Buscando o Melhoramento do Gerenciamento dos Recursos Hídricos

Resumo: Mais uma vez, estou chamando a atenção para o processo de esvaziamento da comunidade nos Comitês de Bacia e consequentemente na Gestão dos Recursos Hídricos. Embora o trabalho de gestão da água esteja seguindo bem, há necessidade de que a comunidade se envolva mais no processo, para que ocorra maior respaldo das atividades desenvolvidas e melhor conhecimento das ações dos comitês.


Estamos comemorando o mês da água e por isso mesmo vou aproveitar o momento para comentar, mais uma vez, sobre uma questão que tem me preocupado bastante no que tange a gestão de recursos hídricos no país como um todo e na nossa Bacia do Paraíba do Sul, em particular. Continuamos progredindo na gestão, entretanto, a participação da sociedade nos comitês ao invés de se ampliar, tem diminuído significativamente. Isso não me parece ser um bom sinal e resolvi voltar a lembrar que precisamos melhorar também essa situação da participação comunitária nos comitês.
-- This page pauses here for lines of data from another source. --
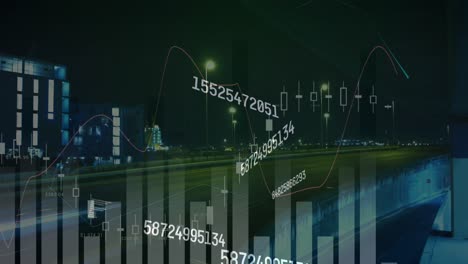 Animación-Digital-Del-Procesamiento-De-Datos-Financieros-Contra-El-Tráfico-Nocturno-De-La-Ciudad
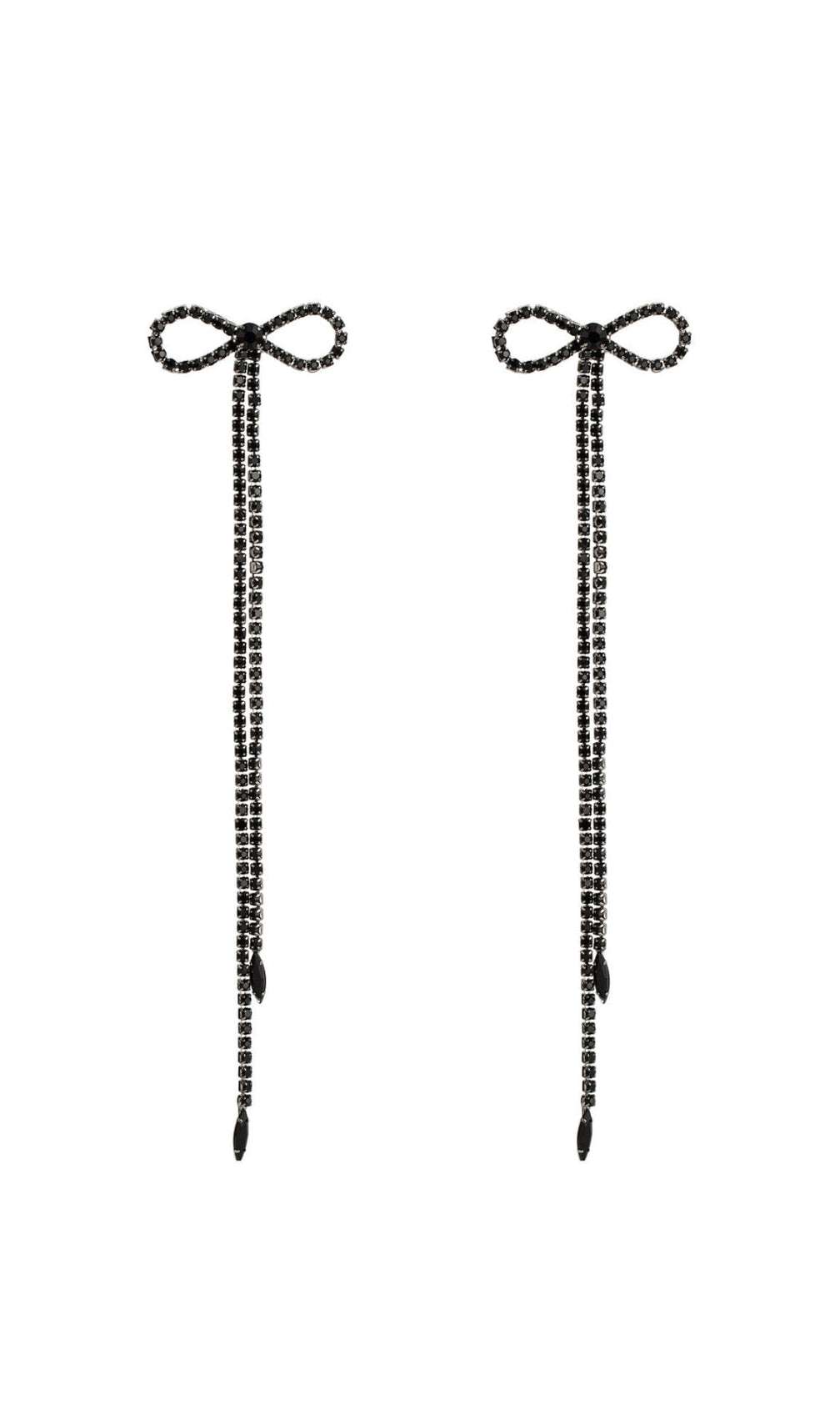 Rhinestone Bow Long Chain Earrings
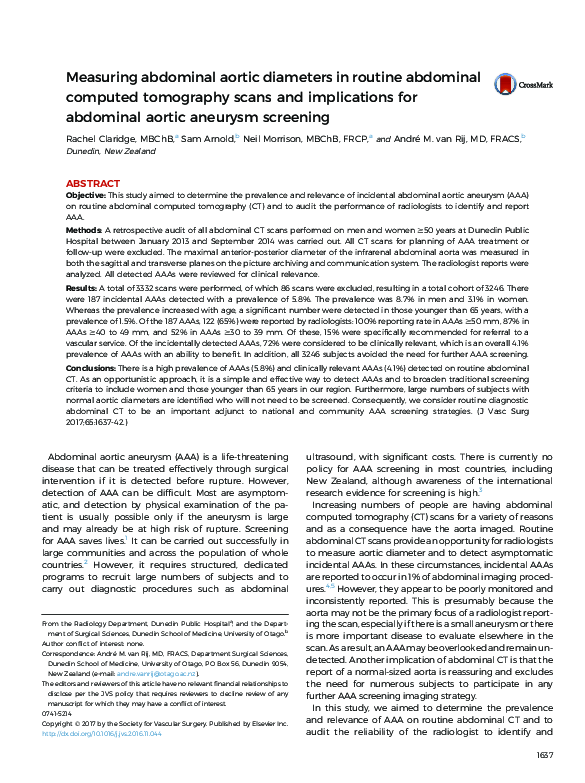 (PDF) Measuring abdominal aortic diameters in routine abdominal ...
Porém, antes de tratar diretamente desse assunto, sempre cabe destacar um esclarecimento geral sobre a gestão da água no Brasil.   

Embora o Estado de São Paulo tenha saído na frente, no que se refere aos Recursos Hídricos, com a publicação da Lei Estadual 7.663/1991, pouco depois o restante do país também seguiu à mesma linha, com a edição e aprovação da Lei Federal 9.433/1997. Esta lei estabeleceu a Política Nacional de Recursos Hídricos e determinou o que deveria ser feito em relação a água no Brasil. Pouco depois, através da Lei Federal 9.984/2000, foi criada a Agência Nacional de Águas (ANA) e o Sistema Nacional de Gerenciamento dos Recursos Hídricos (SINGREH) para implantar efetivamente a Política Nacional de Recursos Hídricos no país.

Somente a partir desse momento foi que as coisas realmente começaram a acontecer no que tange aos recursos hídricos nacionais. Pois então, isso significa dizer que começamos a falar nacionalmente sério, sobre as questões relacionadas à água no Brasil, faz pouco mais de 25 anos. Ao longo desse tempo, apesar de alguns percalços, aparentemente o país tem trabalhado bem no que se refere a gestão dos recursos hídricos.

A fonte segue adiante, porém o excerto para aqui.